Sigo corriendo
por: Dino Jurado
De regreso en la habitación enciendo el
televisor y me acuesto. Me subo las frazadas hasta el cuello y con la cabeza
levantada por la almohada mantengo la vista fija en la pantalla. Unos hombres
sesionan alrededor de una mesa larga, discuten un rato; luego salen en grupos,
se meten en dos autos negros que esperan en la calle y parten velozmente. La
mafia en acción, pienso. No puedo saberlo porque no le he puesto volumen al
aparato; no quiero escucharlo; no voy a intentar otra cosa mas que mirar las
imágenes mudas de la televisión hasta dormirme.
Pero no me duermo; nadie podría dormirse en
una situación como la mía, así que continúo mirando la tele hasta que termina la
transmisión y aparece la bandera. Es medianoche y han puesto la bandera bicolor
en el centro de la pantalla; seguramente están tocando el himno nacional, pero
yo no escucho nada, ni dentro del cuarto ni fuera de él; el mundo entero está
en silencio; me levanto despacio, tratando de evitar que el catre cruja, y
apago el televisor.
¿Ahora qué? Tengo algo pensado, pero no
estoy tan seguro; se trata de salir a la calle y hacer una llamada de larga
distancia desde la central telefónica, para que me confirmen la noticia; mientras
tanto sigo allí de pie, en pijama, mirándolo todo como si estuviera
despidiéndome.
Apago el foco encima de la cabecera y me siento
en el borde de la cama. Sigo pensando. Si salgo a la calle quizás no pueda
hacer la llamada; a esta avanzada hora de la noche lo más probable es que la central
telefónica esté cerrada; y si de todos modos saliera, como a veces me ocurre, daría
unas cuantas vueltas y terminaría sentado en una de las bancas del llamado
Paseo Cívico, helándome a conciencia; luego compraría un trago y regresaría a casa; un
tercio de ron del Danubio, seguramente, el único lugar que hoy por hoy atiende
toda la noche.
Desde que vivo en esta ciudad el movimiento
nocturno se ha restringido al mínimo. Es la época. Al final de la tarde la
niebla desciende sobre la ciudad como una invasión blanca; se posa mansamente
en los techos y llena las calles de un aliento frío y vaporoso; durante la
noche cae una lluvia tan fina que nadie se percata de ella y, al día siguiente,
la ciudad se despierta mojada. Es la época, ya lo dije. Agosto, para más señas.

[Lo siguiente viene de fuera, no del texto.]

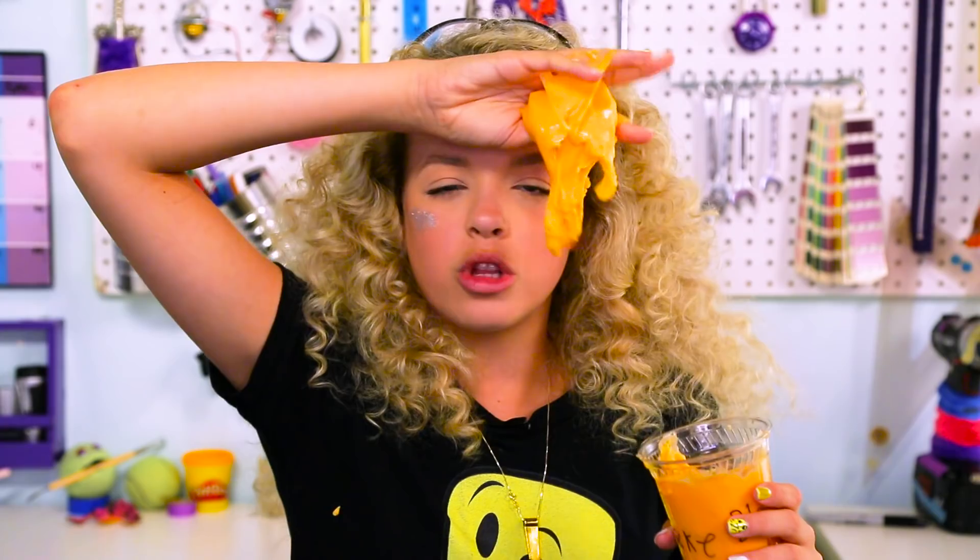Thanks for watching my slime-isode. There's a lot of slime videos out there, so link me to your favorite ones down below in the comments. I love slime and I want to make more for you guys, because slime is pretty cool. If you liked it, like it, and subscribe to be part of the Goldie Squad. That's all I have for you guys today, hackers.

Enciendo otra vez el foco; quedarme a
oscuras no me ha hecho avanzar ni un paso hacia el sueño; en realidad estoy más
despierto que antes: estoy desvelado; la noticia recibida es lo que me ha
puesto en tal estado. “Ha caído enferma”, es la frase con que se me ha
informado. No puede orinar hace tres días. Y es todo lo que sé. Dicen que ni
siquiera el médico que la atiende sabe algo más que eso por ahora; están
esperando el resultado de ciertos análisis para formular el diagnóstico y
decidir el tratamiento, la intervención quirúrgica; en suma, un asunto feo se
le mire por donde se le mire.
Miro en derredor y mi vista se detiene en el
ventanuco semiabierto, a un palmo del techo; tiene el marco desencajado y uno
de los vidrios roto; por allí se cuela el frío durante la noche, las voces de
la vecindad por las mañanas, conversaciones de cocina, ruidos de toda clase,
algo de música moderna y, de vez en cuando, cada vez menos, el aullido
lastimero del dementito.
Una mañana, mientras lavo ropa en el patio,
comienza a suceder algo en la casa del fondo; parece una agria pelea de
familia. De pronto, imponiéndose al griterío, escucho aquel aullido espantoso;
es como el dolor de un animal, una queja áspera y aguda que cesa cuando una voz
recia pide silencio. Días después me los topo en la esquina. La madre ha sacado
a la calle a su pequeño monstruo para que se distraiga guiñándole los ojos a la
luz del día. El chico tiene los párpados enrojecidos hacia afuera, casi
colgando de su cara de luna. Me quedo observándolo una larga hora hasta que la
madre reaparece y se lo lleva del brazo. Eso ha sido todo y ha sido suficiente.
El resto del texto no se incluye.